Sen. Rob Portman said the proposed expansion of background checks for online and private firearms sales wouldn't significantly impact gun violence and wouldn't have prevented such mass shootings as the elementary school slayings in Newtown, Conn.
Instead, Portman said in a speech to the Fraternal Order of Police national conference that the measures would add restrictions infringing upon the rights of law-abiding gun owners who aren't the problem.
"We can do this in a way that addresses the fundamental problems," Portman said, saying some of his critics on the issue are pushing a political agenda. He noted that speakers on a national bus tour promoting gun-control measures have cited his vote.

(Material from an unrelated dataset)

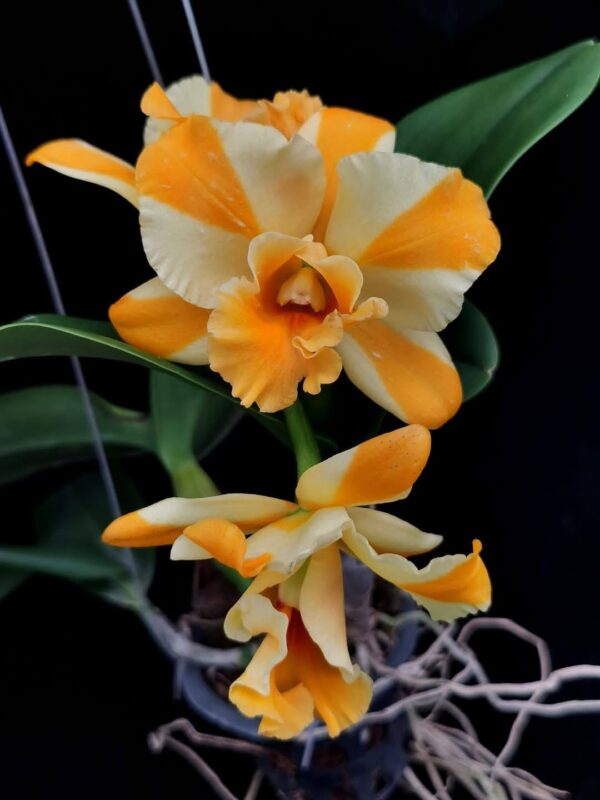 cattleya nell hammer 2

The tour, which has made stops in Ohio in recent days, is coordinated by Mayors Against Illegal Guns, a group that includes Cincinnati Mayor Mark Mallory.
"I'm not focused on the politics of it. I'm focused on what will actually help to reduce gun violence and make our communities safer," Portman told reporters after his speech.
"People who are actually committing crimes with guns don't get their guns from those kinds of private sales," he said. He said he supports strengthening background checks with more information on mental health issues and targeting habitual offenders he says are responsible for the vast majority of gun crimes, among other steps. He also promoted "Second Chance" legislation to help people who have been in prison move back into society productively.
Ohio's Democratic Sen. Sherrod Brown supported the private firearms background checks legislation.
Many among the thousands of FOP participants applauded Portman, while some expressed mixed views on gun legislation.
"We should enforce the laws we already have on the books instead of adding more laws," said Bruno Tommasini, a retired police officer from Parma, Ohio.
Gerald Wise, a Summit County sheriff's deputy, said all gun sales should go through dealers. The northeast Ohio law enforcement officer said he supports concealed carry and other laws for gun ownership, but is wary of private gun sales at gun shows and other venues.